Tahran’ın  ‘Washington’ın İran Devrim Muhafızları’nı terör örgütleri listesinden çıkarması’ konusundaki ısrarı nedeniyle Viyana süreci mart ayından bu yana çıkmaza girmiş durumda.
Her ne kadar nükleer anlaşmayı canlandırmak ncelikli hedef olmaya devam etse de İranlı yetkililer, Reuters’a petrol fiyatlarındaki artışın, gelirleri artırarak İran ekonomisine belki de aylarca nefes alma alanı sağladığını aktardılar. Kimliğinin açıklanmasını istemeyen üst düzey bir İranlı yetkili “Nükleer programımız planlandığı gibi ilerliyor ve zaman bizden yana. Müzakereler başarısız olursa bu dünyanın sonu olmayacak” derken İran ekonomisinin anlaşmayı yeniden canlandırmaya şu an güçlü bir şekilde bağlı olmadığını vurguladı.  

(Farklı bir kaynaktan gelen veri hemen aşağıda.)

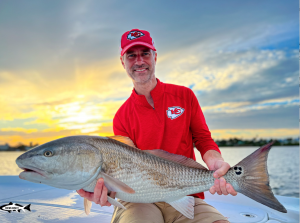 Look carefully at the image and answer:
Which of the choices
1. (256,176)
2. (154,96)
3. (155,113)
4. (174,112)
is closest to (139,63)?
(154,96)

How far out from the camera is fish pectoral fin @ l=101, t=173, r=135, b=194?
7.84 ft

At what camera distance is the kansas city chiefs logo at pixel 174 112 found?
3432mm

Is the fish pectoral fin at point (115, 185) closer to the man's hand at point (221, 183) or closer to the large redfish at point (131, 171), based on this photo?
the large redfish at point (131, 171)

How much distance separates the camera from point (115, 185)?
2398mm

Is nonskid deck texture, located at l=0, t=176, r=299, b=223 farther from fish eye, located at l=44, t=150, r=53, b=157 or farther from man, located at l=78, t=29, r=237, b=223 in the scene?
fish eye, located at l=44, t=150, r=53, b=157

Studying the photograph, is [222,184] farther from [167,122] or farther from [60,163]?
[60,163]

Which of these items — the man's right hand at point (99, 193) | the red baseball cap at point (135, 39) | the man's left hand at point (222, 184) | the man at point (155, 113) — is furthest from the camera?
the red baseball cap at point (135, 39)

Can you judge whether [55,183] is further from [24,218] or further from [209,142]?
[209,142]

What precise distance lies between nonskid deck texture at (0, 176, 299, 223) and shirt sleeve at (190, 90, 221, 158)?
5.24 feet

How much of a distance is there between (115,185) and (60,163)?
579 mm

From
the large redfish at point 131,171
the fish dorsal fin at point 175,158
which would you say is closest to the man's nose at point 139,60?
the large redfish at point 131,171

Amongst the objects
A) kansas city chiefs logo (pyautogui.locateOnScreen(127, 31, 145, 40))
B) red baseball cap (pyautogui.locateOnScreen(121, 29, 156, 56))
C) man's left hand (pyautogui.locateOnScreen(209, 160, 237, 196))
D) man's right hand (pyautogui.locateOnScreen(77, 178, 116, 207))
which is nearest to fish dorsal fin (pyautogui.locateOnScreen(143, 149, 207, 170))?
man's left hand (pyautogui.locateOnScreen(209, 160, 237, 196))

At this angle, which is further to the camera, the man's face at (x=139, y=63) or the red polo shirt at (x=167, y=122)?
the man's face at (x=139, y=63)

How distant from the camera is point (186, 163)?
9.30 ft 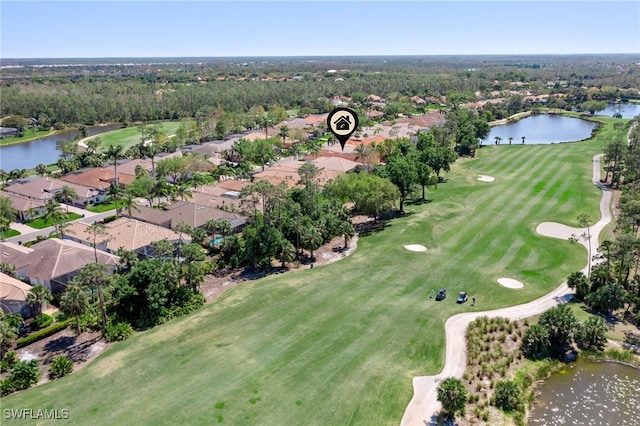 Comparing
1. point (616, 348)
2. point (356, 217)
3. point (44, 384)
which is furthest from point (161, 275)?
point (616, 348)

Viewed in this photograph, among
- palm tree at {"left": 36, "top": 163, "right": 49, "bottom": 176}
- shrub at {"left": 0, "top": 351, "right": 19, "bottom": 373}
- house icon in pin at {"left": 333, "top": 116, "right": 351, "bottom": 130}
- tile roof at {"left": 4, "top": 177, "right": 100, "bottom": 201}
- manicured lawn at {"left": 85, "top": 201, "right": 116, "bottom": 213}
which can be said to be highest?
house icon in pin at {"left": 333, "top": 116, "right": 351, "bottom": 130}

Reuters tarafından aktarılanların aksine İranlı analistler, daha önce İran’ın petrol satışlarında elde ettiği kazanımların ABD yönetiminin İran’a yönelik yaptırımlarda gösterdiği ‘esneklikten’ kaynaklandığına olan inançlarını dile getirmişlerdi. Ayrıca Tahran’ın şu an Çin gibi ülkelere düşük fiyattan petrol satmak için izlediği yollara dair müzakerelerin başarısızlığa uğramasının yansımaları konusunda uyarmıştı.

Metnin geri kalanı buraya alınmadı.